Pretty much ignored in the constitutional discussions was the Christian one: What does the Lord require politically of his followers? The prevailing assumption since 1990 has been that believers have a duty to be involved in American politics, and if they don’t they will be guilty of abandoning public life to the godless.
What A Secular Faith proposes to do is examine a set of assumptions about religion and American politics held primarily by Protestants. The book examines eight of these assumptions, identifies them with important historical figures, from John Winthrop and John Witherspoon to Martin Luther King, Jr., and George W. Bush, and shows how they developed among American Protestants as these believers tried to defend and maintain a Christian America.
The first chapter accordingly begins with John Winthrop’s appeal to the biblical refrain of a “city on a hill” and examines the eschatology that has informed American Protestant appeals to their nation’s providential role in human history. The problem, as I see it, is that a flawed eschatology has resulted in two significant errors.
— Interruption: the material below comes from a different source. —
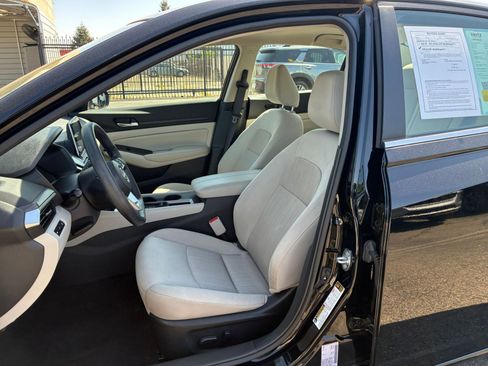 Used 2025 Nissan Altima 2.5 SV image 27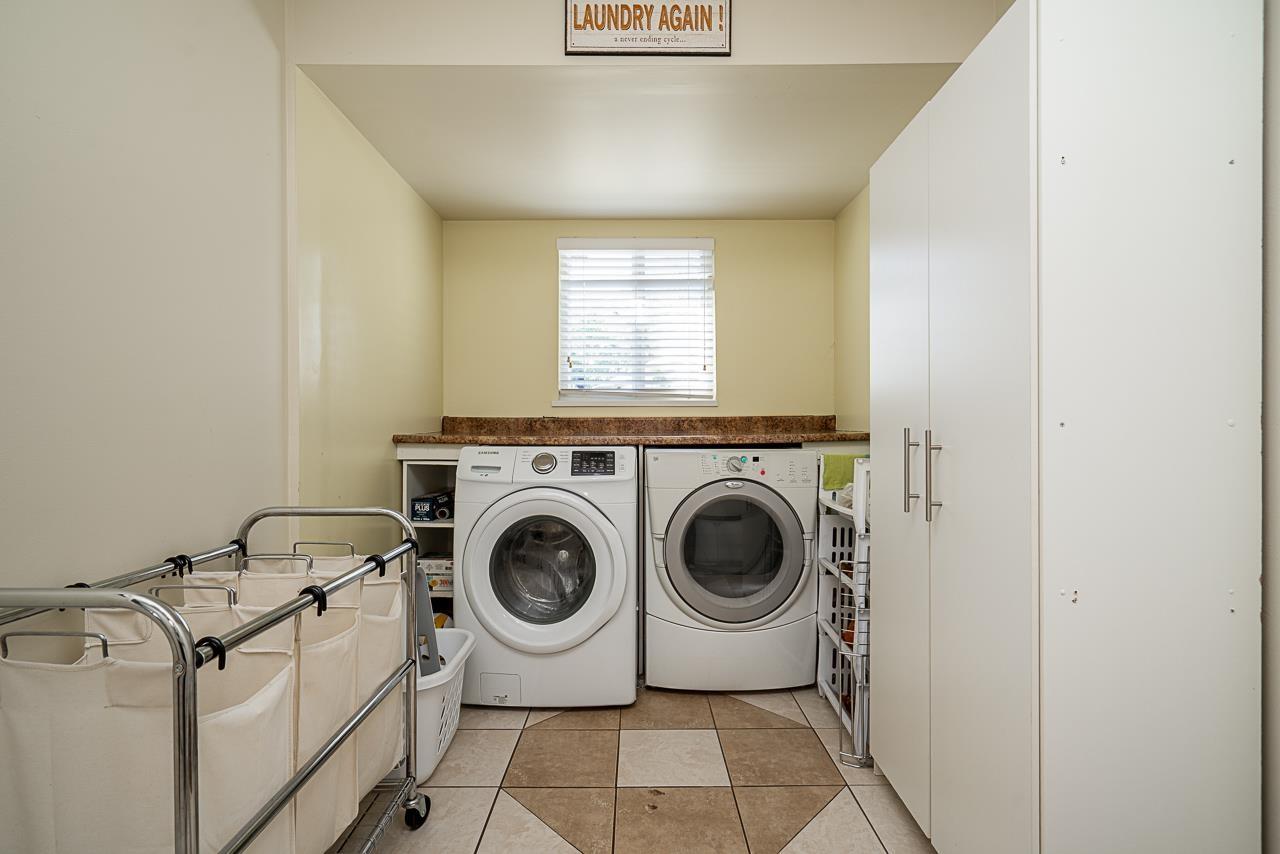 8682 143a Avenue, Surrey, British Columbia V3W 0K4 - Photo 10 - R3031060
The first is an identification of God’s redemptive purposes with the U.S.A. Although many Reformed Christians know better than to equate the U.S.A. with Israel, many Presbyterians do think of America in religious categories that fail to do justice to sovereignty and legitimacy of other nation-states, as if America were better because of its Christian heritage. A second and more important error has been to undervalue the institutional church as the locus of God’s saving work. Because of sufficiency of Christ’s ministry, God’s redemptive purposes are now being carried out not by Israel (or any nation) but by the church, a trans-national and spiritual institution.
This does not appear to me to be a very controversial argument for anyone who has imbibed the redemptive historical insights of a Geerhardus Vos or a John Murray. And yet, recognizing that God’s saving work is now spiritual and not physical, ecclesiological and not civil, is a proposition that does not sit well with Protestants who continue to think in some way of America as a Christian nation. (I’d prefer that we not get too hung up on the spiritual-physical distinction, as if I’m a gnostic. I do believe in the importance and goodness of the physical world and the human body, and do recognize that the church has physical dimensions such as bread and wine, baptismal water, pages of the Word, and diaconal ministry, not to mention state laws that allow churches in America not to pay taxes.)
So one important question to consider at the outset of this diablog is this: to what extent does eschatology determine one’s understanding of the relationship between church and state? Is the idea of a Christian America a hangover of postmillennial optimism (with premillennialism being the pessimistic flipside)? In other words, is the spirituality of the church (a topic to be discussed more fully in later weeks) merely the logical consequence of amillennialism?